Kassav: Doctor Zouk

The music of the French Caribbean has been sweeping the world, with the band Kassav in the forefront. Lorraine O'Connor traces their progress

  • Zouk fever in Dominica. Photograph by Phillipe Giraud
  • Under the red light: Kassav co-founder Jacob Desvarieux. Photograph by Phillipe Giraud
  • In action in Trinidad. Photograph by Abigail Hadeed
  • Working on a new album in Montserrat. Photograph by Phillipe Giraud
  • Zouk fever in Guadeloupe. Photograph by Phillipe Giraud
  • Kassav enjoying a photo shoot
  • Kassav off duty in Dominica. Photograph by Phillipe Giraud
  • Dispensing the medicine: Kassav in action Guadeloupe. Photograph by Phillipe Giraud
  • Patrick Saint-Eloi. Photograph by Phillipe Giraud
  • Jean Claude Naimro. Photograph by Abigail Hadeed

Drums roll. A powerful voice shouts through the microphone: “Zzet veni pou” What did you come for? And the whole place seems to shout in reply: “Zouker! ” The horns take over, full lights on the stage; it’s time to party, to dance.

The energy released by the band’s 20 musicians and dancers excites the whole audience; after the first few bars, the temperature is at boiling point. Bodies sway, jump, shake, as they move to the music. Thousands of people are dancing now, rubbing together, faces bright with sweat and excitement. Thousands of voices are singing together in creole: “Zouk la sé sel medikamen nou ni — so kon sa. Si sé sa mem’an nou zouké.” Zouk is the only medicine we have — that’s how it is. So let’s go and zouk.

Kassav, the most famous French Caribbean zouk band, is performing at the most prestigious and difficult concert hall in Paris, the Zenith. It’s the last night of a series of eight sold-out concerts, an immense Caribbean party. And tonight, as at every Kassav performance, the spirits of music and dance have taken over the thousands of Caribbean and African people who have made Paris their home.

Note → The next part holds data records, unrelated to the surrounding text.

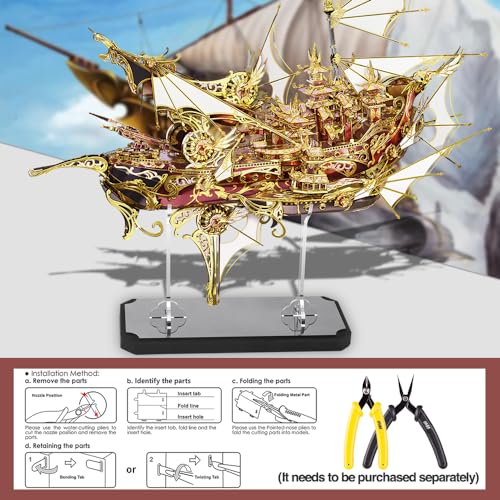 Piececool 3D Metal Puzzles, Nine Heavens Boat Models Kits to Build for Adults, Difficult Brain Teaser DIY Crafts Assemble Ship Building Kits Gifts for Man Women Family Time - color: Nine Heavens Boat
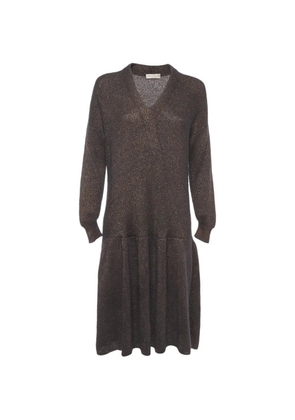 Brunello Cucinelli Vintage V-neck long-sleeve knitted midi dress - Black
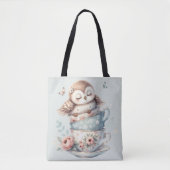 Sleeping Owl in Stacked Floral Teacups Tote Bag (Voorkant)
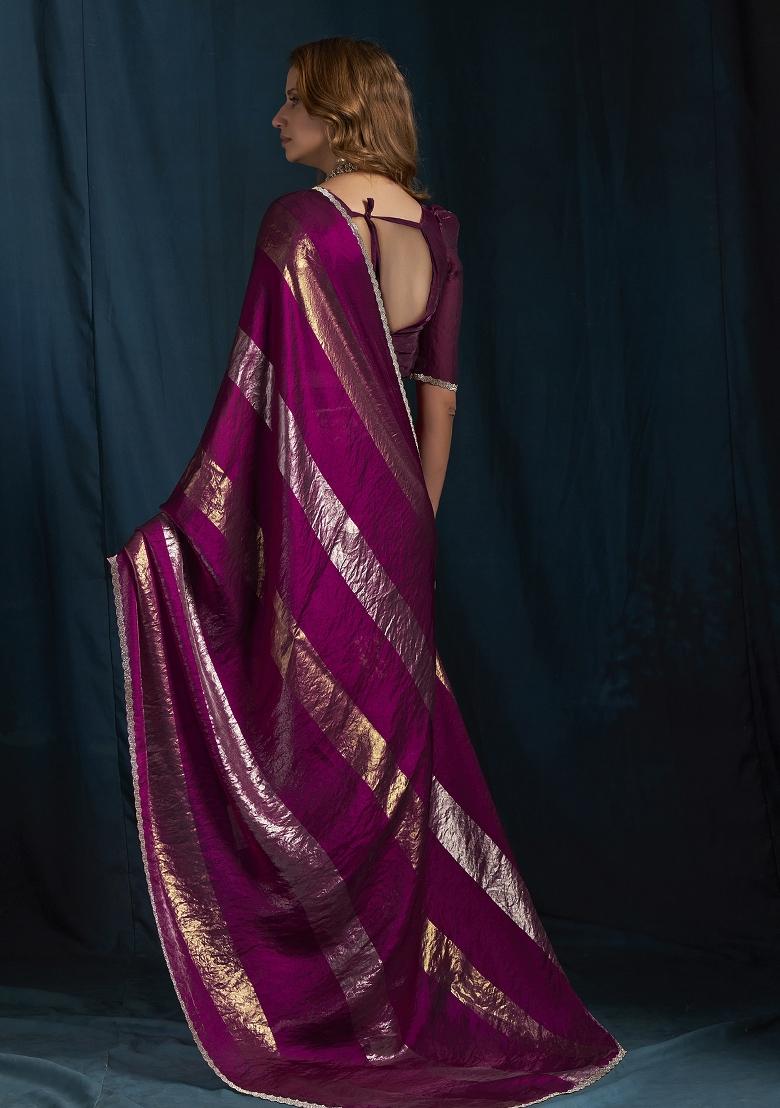 Wine Embroidered Silk Saree Set - Indya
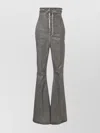 RICK OWENS FLARED VELVET HIGH WAIST TROUSERS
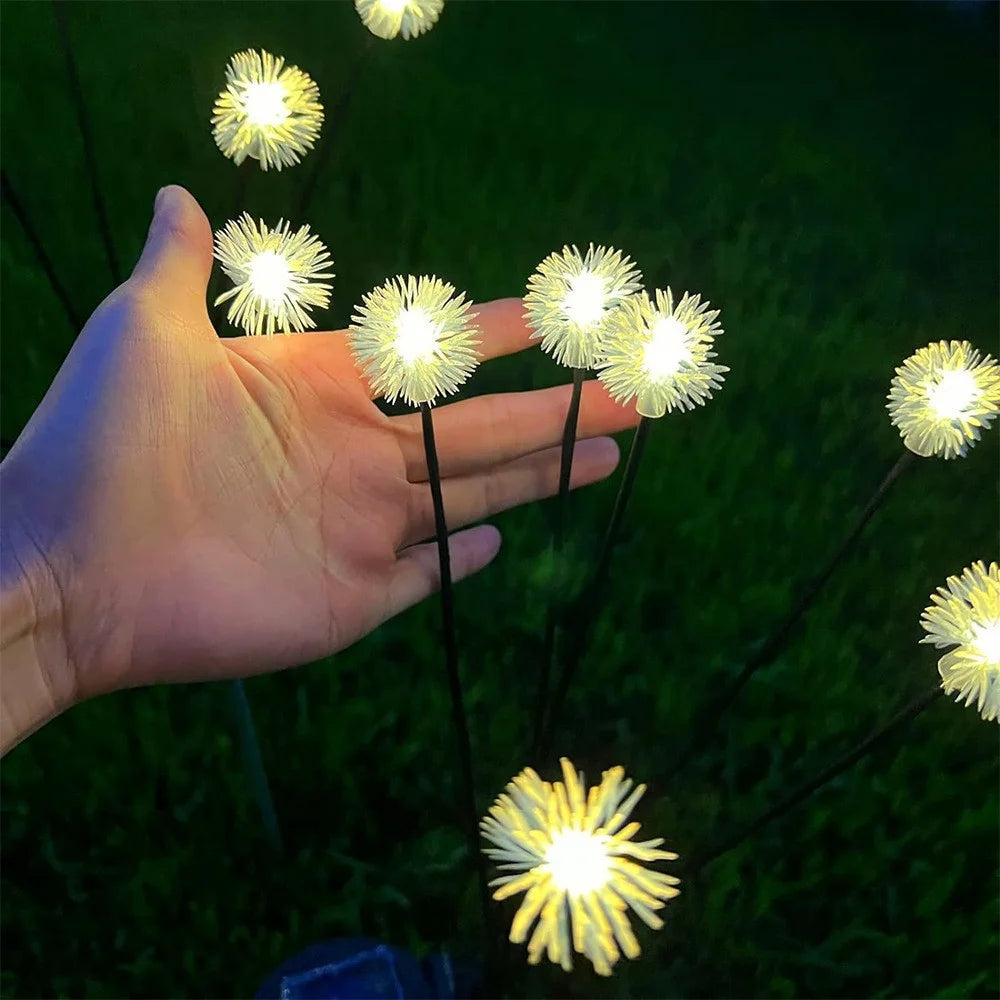 Floraluxa | Solar-Pusteblumen-Gartenleuchte | 6 Leuchtköpfe | Dauerlicht & Blinkmodus | Wetterfest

Caribbean music, be it reggae, cadence, compas, beguine, calypso, soca or zouk, has a hypnotic rhythm; your feet can’t keep still, your body has to sway, and the spirit of music takes hold of you, conjuring up that electric atmosphere of the fete that you find in all the Caribbean islands. Reggae and its offspring — dub, rap — is perhaps the most popular music in the wider world, but zouk, the music of the French Caribbean, is not far behind. And Kassav, one of the most successful of all Caribbean bands, 16 strong, has sold over a million records worldwide, carrying zouk from the French Caribbean to all corners of the globe and turning it into a culture of its own.

What brought Pierre Edouard Décimus, George Décimus and Jacob Desvarieux together in 1978 was a shared view of the Caribbean music market and what it lacked. Pierre, the founding father and manager of Kassav until he left the band in 1988 (he now leads another band, K.W.I.), already had a premonition of the zouk mixture. A well-known Guadeloupean musician, he was frustrated at going around in circles, his music stuck in the French Caribbean. He wanted a more professional music, a fresh sound, without technical constraints. George Décimus, his younger brother, worked on the first album as a bass player and later as a composer and songwriter (he now leads another group called VolteFace). Jacob Desvarieux, Guadeloupean by origin and a well-established studio rock musician in Paris, jumped at the opportunity to participate in this new departure.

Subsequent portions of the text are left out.